# Exercise:
All entries that follow are to be written out verbatim.

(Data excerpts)

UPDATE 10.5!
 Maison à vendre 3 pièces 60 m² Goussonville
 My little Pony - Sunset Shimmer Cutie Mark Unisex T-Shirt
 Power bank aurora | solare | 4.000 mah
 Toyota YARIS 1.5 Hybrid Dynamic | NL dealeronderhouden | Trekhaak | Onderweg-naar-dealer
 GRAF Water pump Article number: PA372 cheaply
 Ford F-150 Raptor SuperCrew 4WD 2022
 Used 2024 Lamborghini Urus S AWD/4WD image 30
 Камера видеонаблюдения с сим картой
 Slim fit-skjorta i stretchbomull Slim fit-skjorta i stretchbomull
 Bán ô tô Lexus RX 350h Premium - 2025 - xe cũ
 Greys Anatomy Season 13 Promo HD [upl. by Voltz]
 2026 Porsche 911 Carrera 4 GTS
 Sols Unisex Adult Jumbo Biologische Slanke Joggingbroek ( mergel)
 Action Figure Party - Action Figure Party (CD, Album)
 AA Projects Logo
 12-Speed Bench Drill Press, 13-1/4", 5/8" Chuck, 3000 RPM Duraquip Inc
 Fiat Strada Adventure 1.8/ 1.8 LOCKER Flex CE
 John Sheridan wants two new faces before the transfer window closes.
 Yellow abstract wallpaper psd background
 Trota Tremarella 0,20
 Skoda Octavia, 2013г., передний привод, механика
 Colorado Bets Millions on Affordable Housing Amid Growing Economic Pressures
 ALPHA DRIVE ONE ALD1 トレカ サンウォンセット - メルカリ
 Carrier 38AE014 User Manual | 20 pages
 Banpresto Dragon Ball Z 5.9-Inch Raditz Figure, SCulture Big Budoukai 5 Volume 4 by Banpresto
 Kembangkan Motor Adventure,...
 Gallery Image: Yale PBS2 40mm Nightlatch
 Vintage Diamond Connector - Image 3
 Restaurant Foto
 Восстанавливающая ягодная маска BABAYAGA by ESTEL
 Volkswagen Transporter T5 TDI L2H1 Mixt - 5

# Reply to the task:
UPDATE 10.5!
 Maison à vendre 3 pièces 60 m² Goussonville
 My little Pony - Sunset Shimmer Cutie Mark Unisex T-Shirt
 Power bank aurora | solare | 4.000 mah
 Toyota YARIS 1.5 Hybrid Dynamic | NL dealeronderhouden | Trekhaak | Onderweg-naar-dealer
 GRAF Water pump Article number: PA372 cheaply
 Ford F-150 Raptor SuperCrew 4WD 2022
 Used 2024 Lamborghini Urus S AWD/4WD image 30
 Камера видеонаблюдения с сим картой
 Slim fit-skjorta i stretchbomull Slim fit-skjorta i stretchbomull
 Bán ô tô Lexus RX 350h Premium - 2025 - xe cũ
 Greys Anatomy Season 13 Promo HD [upl. by Voltz]
 2026 Porsche 911 Carrera 4 GTS
 Sols Unisex Adult Jumbo Biologische Slanke Joggingbroek ( mergel)
 Action Figure Party - Action Figure Party (CD, Album)
 AA Projects Logo
 12-Speed Bench Drill Press, 13-1/4", 5/8" Chuck, 3000 RPM Duraquip Inc
 Fiat Strada Adventure 1.8/ 1.8 LOCKER Flex CE
 John Sheridan wants two new faces before the transfer window closes.
 Yellow abstract wallpaper psd background
 Trota Tremarella 0,20
 Skoda Octavia, 2013г., передний привод, механика
 Colorado Bets Millions on Affordable Housing Amid Growing Economic Pressures
 ALPHA DRIVE ONE ALD1 トレカ サンウォンセット - メルカリ
 Carrier 38AE014 User Manual | 20 pages
 Banpresto Dragon Ball Z 5.9-Inch Raditz Figure, SCulture Big Budoukai 5 Volume 4 by Banpresto
 Kembangkan Motor Adventure,...
 Gallery Image: Yale PBS2 40mm Nightlatch
 Vintage Diamond Connector - Image 3
 Restaurant Foto
 Восстанавливающая ягодная маска BABAYAGA by ESTEL
 Volkswagen Transporter T5 TDI L2H1 Mixt - 5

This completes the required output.